We have used a single point of the DET plot for comparison purposes: the minimum value of the Detection Cost Function (DCF). This parameter is defined as [18]:

$$ DCF = C_{\rm miss} \times P_{\rm miss} \times P_{\rm true} \, + \, C_{\rm fa} \times P_{\rm fa} \times P_{\rm false} $$

where C miss is the cost of a miss (rejection), C fa is the cost of a false alarm (acceptance), P true is the a priori probability of the target, and P false = 1 − P true. C miss = C fa = 1.

3.3 Experimental results

Table 3 shows the experimental results from modeling each user with a codebook, with the experimental conditions as described in the previous section. We have studied codebook sizes ranging from 0 to 9 bits (1–512 clusters). It is interesting to observe that the 0-bit codebook corresponds to modeling each user with a single vector, equal to the average of each dynamical parameter. This is equivalent to the static feature extraction described in the introductory section.

Table 3 Experiments with VQ for MCYT and SVC databases. Size ranging from 0 to 9 bit

Table 4 shows the results obtained with the state-of-the-art algorithm DTW. For the sake of simplicity, in the multi-section codebook approach, we have used equal size sections. Figure 3 presents the identification rates for different numbers of sections and bits per section. We can observe that the multi-section approach outperforms the baseline VQ algorithm. In addition, the best identification result is obtained for three sections (98%), which compares favorably with the highest identification rate obtained with DTW (see Table 4; 98.9%).

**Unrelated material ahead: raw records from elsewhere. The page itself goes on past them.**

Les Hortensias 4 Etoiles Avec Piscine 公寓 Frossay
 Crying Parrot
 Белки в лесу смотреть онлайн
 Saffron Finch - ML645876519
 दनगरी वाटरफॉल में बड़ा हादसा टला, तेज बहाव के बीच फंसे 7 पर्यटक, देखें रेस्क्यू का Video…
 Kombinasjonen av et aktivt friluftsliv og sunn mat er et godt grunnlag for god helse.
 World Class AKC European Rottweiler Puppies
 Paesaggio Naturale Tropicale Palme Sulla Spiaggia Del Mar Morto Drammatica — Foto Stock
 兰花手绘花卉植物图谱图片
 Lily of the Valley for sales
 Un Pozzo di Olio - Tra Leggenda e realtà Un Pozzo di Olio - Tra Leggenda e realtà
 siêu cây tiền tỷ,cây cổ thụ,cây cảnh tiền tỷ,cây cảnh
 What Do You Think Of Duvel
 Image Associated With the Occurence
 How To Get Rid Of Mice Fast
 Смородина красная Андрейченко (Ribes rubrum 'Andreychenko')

Table 4 Results obtained with DTW and MCYT database. The model size is 5 × J×5 per user
Fig. 3
figure 3

Identification results for several multi-section codebook approaches, ranging from 1 to 5 sections for MCYT (on the left) and SVC (on the right) databases

Figures 4 and 5 show the minimum detection cost function value for different numbers of sections, bits per person, random and skilled forgeries, respectively. We can achieve a slight improvement (2.29% for random forgeries and 7.84% for skilled ones) over DTW (see Table 4; 2.33 and 7.84%, respectively).

Fig. 4
figure 4

Minimum DCF for random forgeries and multi-section codebook approach MCYT (on the left) and SVC (on the right) databases

Fig. 5
figure 5

Minimum DCF for skilled forgeries and multi-section codebook approach MCYT (on the left) and SVC (on the right) databases

4 Conclusions

In this paper, we have proposed a multi-section codebook approach for on-line signature recognition. This algorithm enables us to take into account the temporal evolution of the signature (thanks to the use of several sections), and obtain a significant speed improvement, which has been estimated to be around 47 times. This improvement is due to the lower computational burden of the VQ approach, which has been neglected for signature recognition so far, although it has proven useful in the past for other biometric traits, such as speech, especially for short training and testing sets.

Experimental results on a large database of 330 users (MCYT) reveal:

  • Optimal configuration consists of three sections and codebooks of 4 bits per section.

  • Identification rates of 98% (3 sections and codebooks of 4 bits per section).

  • Minimum detection cost function equals 2.29% for random forgeries and 7.75% for skilled forgeries.

These results are very similar to those provided by DTW (98.91% identification rate and minimum DCF equal to 2.33% for random forgeries and 7.84% for skilled forgeries).

In addition, our system improves the database storage requirements due to vector compression, and is more privacy-friendly because it is not possible to recover the original signature using the codebooks.